Problem statement
The whole listing below should be printed again exactly, with no images.

Information provided
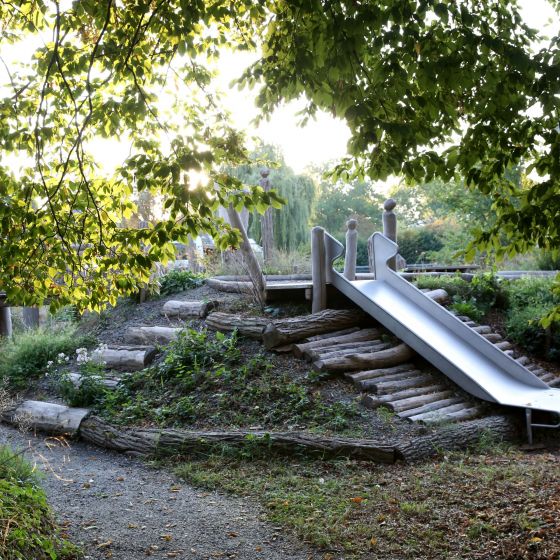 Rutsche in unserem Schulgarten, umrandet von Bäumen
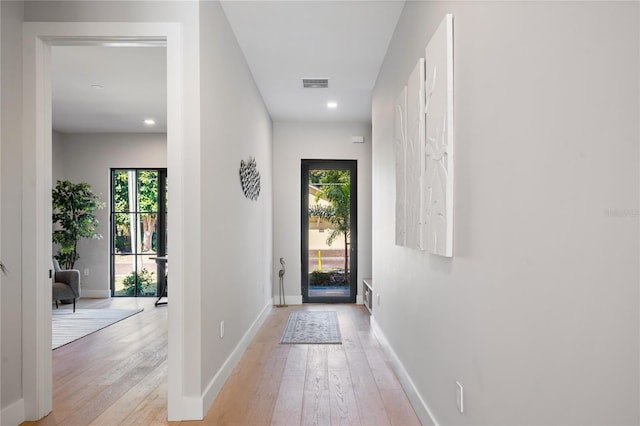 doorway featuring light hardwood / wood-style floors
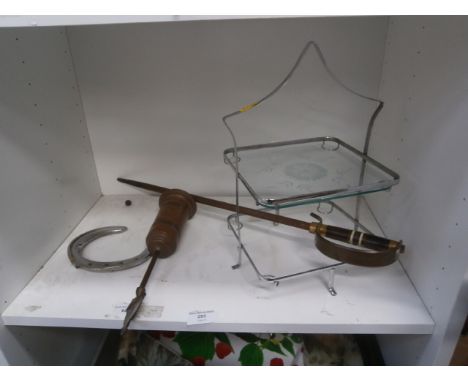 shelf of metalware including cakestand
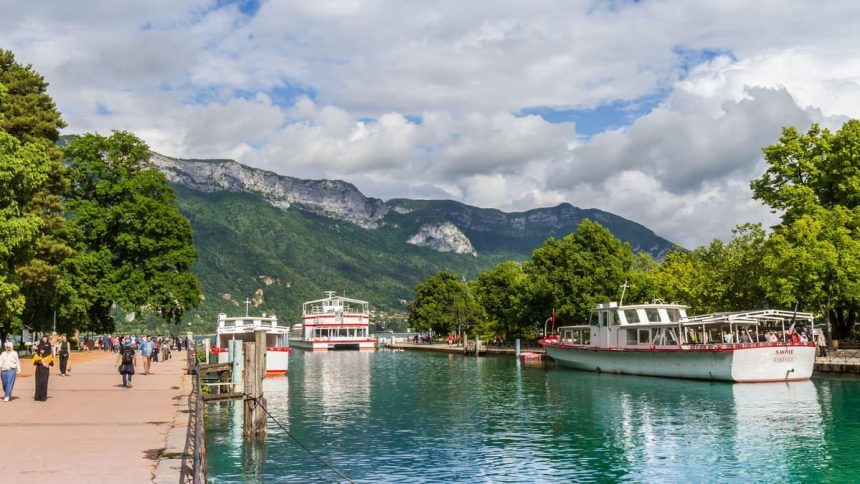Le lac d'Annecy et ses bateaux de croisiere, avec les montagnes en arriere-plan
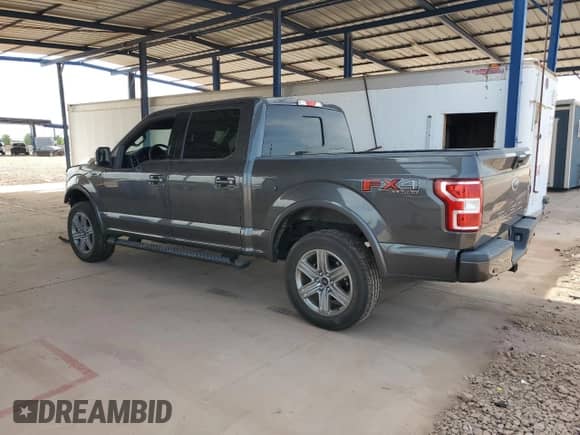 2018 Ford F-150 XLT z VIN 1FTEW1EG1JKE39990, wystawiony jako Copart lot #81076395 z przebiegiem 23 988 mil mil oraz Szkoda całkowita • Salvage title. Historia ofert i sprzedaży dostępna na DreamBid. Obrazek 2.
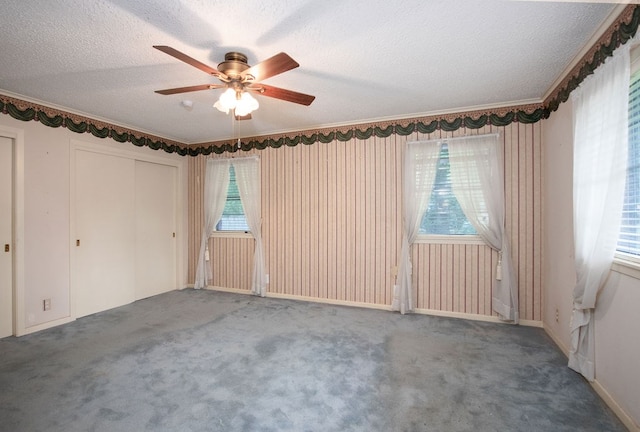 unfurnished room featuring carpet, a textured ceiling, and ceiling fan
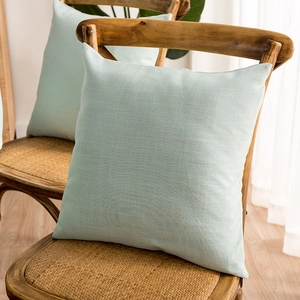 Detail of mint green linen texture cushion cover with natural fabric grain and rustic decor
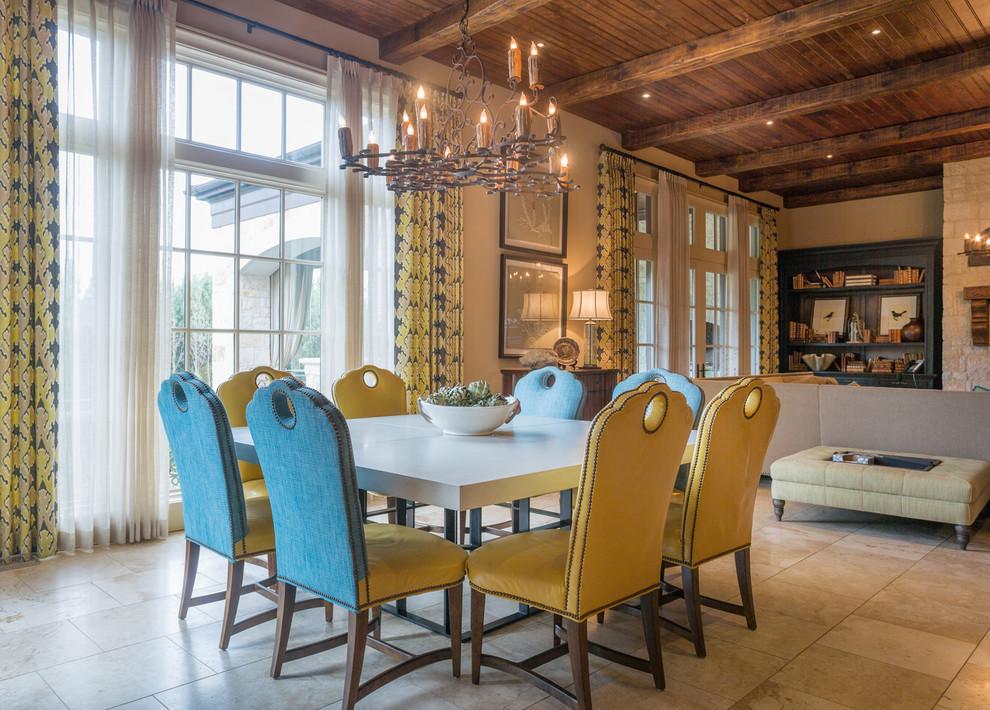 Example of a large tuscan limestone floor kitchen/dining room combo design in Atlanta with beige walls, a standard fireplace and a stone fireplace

Completed task
 Rutsche in unserem Schulgarten, umrandet von Bäumen
 doorway featuring light hardwood / wood-style floors
 shelf of metalware including cakestand
Le lac d'Annecy et ses bateaux de croisiere, avec les montagnes en arriere-plan
 2018 Ford F-150 XLT z VIN 1FTEW1EG1JKE39990, wystawiony jako Copart lot #81076395 z przebiegiem 23 988 mil mil oraz Szkoda całkowita • Salvage title. Historia ofert i sprzedaży dostępna na DreamBid. Obrazek 2.
 unfurnished room featuring carpet, a textured ceiling, and ceiling fan
 Detail of mint green linen texture cushion cover with natural fabric grain and rustic decor
 Example of a large tuscan limestone floor kitchen/dining room combo design in Atlanta with beige walls, a standard fireplace and a stone fireplace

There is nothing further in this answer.